**Records to use**:
=== Section Start ===

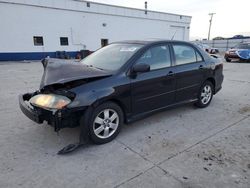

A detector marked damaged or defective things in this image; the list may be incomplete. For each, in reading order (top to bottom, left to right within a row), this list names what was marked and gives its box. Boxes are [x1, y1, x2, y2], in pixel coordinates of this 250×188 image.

dented hood [39, 58, 111, 89]
broken headlight [29, 93, 71, 109]
crumpled front bumper [18, 93, 86, 131]
damaged black car [19, 40, 223, 153]
crack in pavement [114, 114, 250, 187]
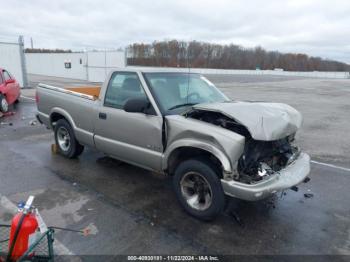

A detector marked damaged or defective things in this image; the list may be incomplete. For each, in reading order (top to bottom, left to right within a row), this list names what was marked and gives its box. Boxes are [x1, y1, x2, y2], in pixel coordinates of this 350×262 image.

cracked asphalt [0, 72, 348, 256]
crumpled hood [193, 101, 302, 141]
damaged front end [187, 103, 310, 200]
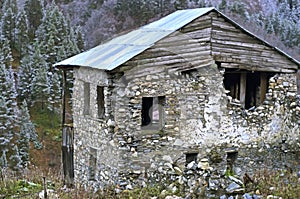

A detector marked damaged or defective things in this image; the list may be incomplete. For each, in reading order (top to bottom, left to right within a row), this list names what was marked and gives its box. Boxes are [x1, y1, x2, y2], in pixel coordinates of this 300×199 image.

rusty metal roof panel [54, 7, 213, 70]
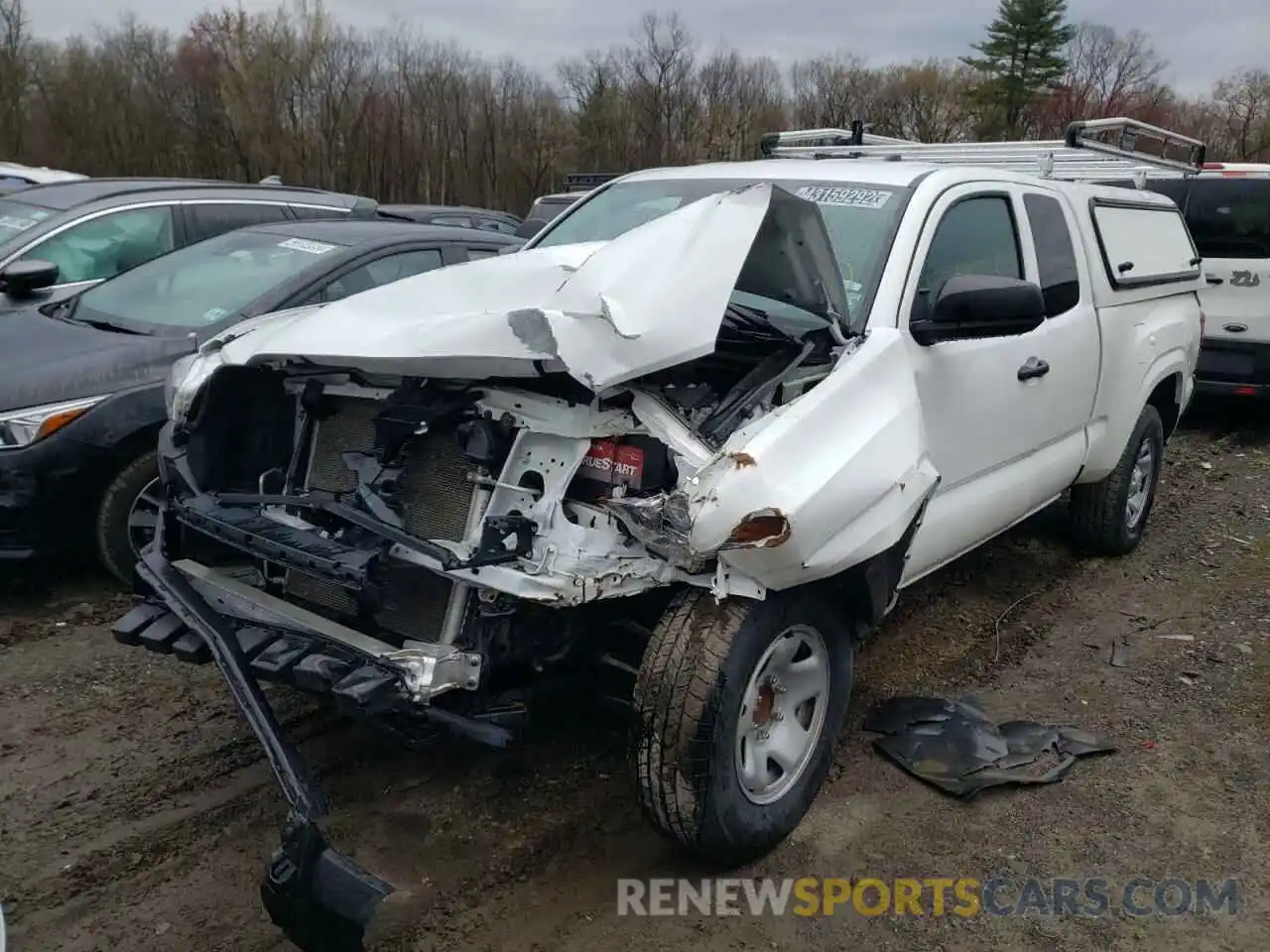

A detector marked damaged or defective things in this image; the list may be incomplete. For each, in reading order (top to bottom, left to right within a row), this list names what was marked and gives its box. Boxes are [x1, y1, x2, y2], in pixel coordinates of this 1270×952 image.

broken headlight housing [165, 347, 224, 426]
smashed front end [111, 182, 945, 949]
crumpled hood [219, 183, 853, 393]
damaged white truck [114, 119, 1204, 952]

=== Section End ===

**What you need to do**:
Keeping pictures out, repeat exactly the lines from the one containing "this 350×262 image." through the end of the listing.

**Output for this exercise**:
A detector marked damaged or defective things in this image; the list may be incomplete. For each, in reading order (top to bottom, left to right within a row), this list names what was marked and gives its box. Boxes are [x1, y1, x2, y2], in pixel coordinates of this 350×262 image.

cracked asphalt [0, 72, 348, 256]
crumpled hood [193, 101, 302, 141]
damaged front end [187, 103, 310, 200]

A detector marked damaged or defective things in this image; the list may be incomplete. For each, in reading order (top to bottom, left to right within a row), this list names what was marked and gives its box. Boxes are [x1, y1, x2, y2], in pixel coordinates of this 300×199 image.

rusty metal roof panel [54, 7, 213, 70]

A detector marked damaged or defective things in this image; the list may be incomplete. For each, in reading order (top to bottom, left to right within a row), this list names what was marked and gives its box. Boxes are [x1, y1, x2, y2], in pixel coordinates of this 1270×952 image.

broken headlight housing [165, 347, 224, 426]
smashed front end [111, 182, 945, 949]
crumpled hood [219, 183, 853, 393]
damaged white truck [114, 119, 1204, 952]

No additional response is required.